China’s exports hit another record in September, driven by holiday demand and surging prices, Beijing said Wednesday.

Fears of a sharp deceleration in the world’s second-largest economy are among the most pressing concerns on traders’ long list of macro worries. China’s worsening energy crunch prompted many banks to project a kind of lost quarter for China.

Some continue to fret that Xi’s “zero tolerance” COVID policy risks exacerbating global supply chain issues. Twice this year, China temporarily curtailed activity at key shipping terminals in an effort to contain localized outbreaks. So far, the country’s trade numbers haven’t suffered.

Exports rose 28.1% last month, better than the 21.5% economists expected (figure below).

China leaned heavily on exports and, relatedly, industrial production, over the course of the pandemic rebound amid a more subdued recovery in domestic demand exemplified by retail sales, which remain a source of consternation. Imports underwhelmed in Wednesday’s data. September’s 17.6% pace fell short of the 21% growth consensus expected.

“The acceleration in exports was thanks to still rampant overseas demand ahead of the holiday seasons, and it seems that the widely reported power shortage in the second half of September has had limited impact on exports so far,” SocGen’s Michelle Lam and Wei Yao said Wednesday.

“Indeed, we note that the September electricity consumer data released this morning shows that growth of power consumption of all industries rebounded from 2.4% in August to 9.1%,” Lam added, on the way to cautioning that the outlook for exports is still “clouded by continued power rationing” and demand shifts from goods to services.

Overall, September’s trade data suggests more of the same: Global demand for goods produced in “the world’s factory” is robust and may be even more so in an environment characterized by pull-forward due to acute uncertainty around when (and even if) products can make it to market for the holidays in the west.
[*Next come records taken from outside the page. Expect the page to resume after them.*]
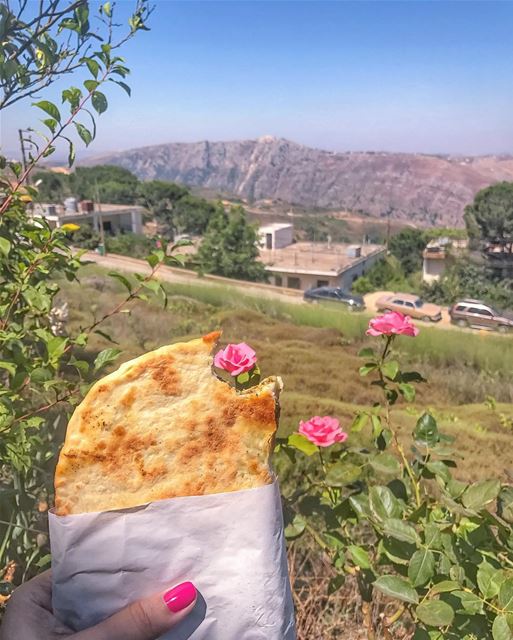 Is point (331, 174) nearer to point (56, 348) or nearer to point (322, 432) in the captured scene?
point (322, 432)

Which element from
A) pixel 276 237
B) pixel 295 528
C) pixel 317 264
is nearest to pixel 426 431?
pixel 295 528

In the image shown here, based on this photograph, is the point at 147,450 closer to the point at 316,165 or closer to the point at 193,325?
the point at 193,325

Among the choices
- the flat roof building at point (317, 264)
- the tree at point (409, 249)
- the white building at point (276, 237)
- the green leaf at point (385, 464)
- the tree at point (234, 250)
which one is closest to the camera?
the green leaf at point (385, 464)

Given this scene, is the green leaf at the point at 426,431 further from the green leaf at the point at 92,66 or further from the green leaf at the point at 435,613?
the green leaf at the point at 92,66

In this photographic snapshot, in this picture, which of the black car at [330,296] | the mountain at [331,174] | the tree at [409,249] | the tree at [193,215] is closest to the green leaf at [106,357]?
the black car at [330,296]

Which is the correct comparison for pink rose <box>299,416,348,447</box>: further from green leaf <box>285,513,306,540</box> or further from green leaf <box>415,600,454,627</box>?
green leaf <box>415,600,454,627</box>

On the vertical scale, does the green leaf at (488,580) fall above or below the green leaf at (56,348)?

Shipping rates have soared (figure below).

Those interested in a real-world take on the congestion at America’s ports are encouraged to peruse “‘It’s Not Sustainable’: What America’s Port Crisis Looks Like Up Close,” an expansive piece published by The New York Times this week.

Meanwhile, credit data for September showed aggregate financing was 2.9 trillion yuan, slightly below estimates (figure below).

New yuan loans were 1.66 trillion last month, also marginally below consensus (1.81 trillion).

Those aren’t large enough “misses” to warrant much attention, but this comes with the boilerplate copy about China’s credit impulse turning negative and the tightrope Beijing is attempting to walk as authorities endeavor to preserve the deleveraging push while assiduously avoiding any tightening steps that might choke off “good” credit at the worst possible juncture.

Invariably, analysts will extract a few ostensibly meaningful data points from September’s financing figures and when they do, I’ll be all ears. Until then, it’s enough to mention the headline numbers alongside the trade data and call that an “update.”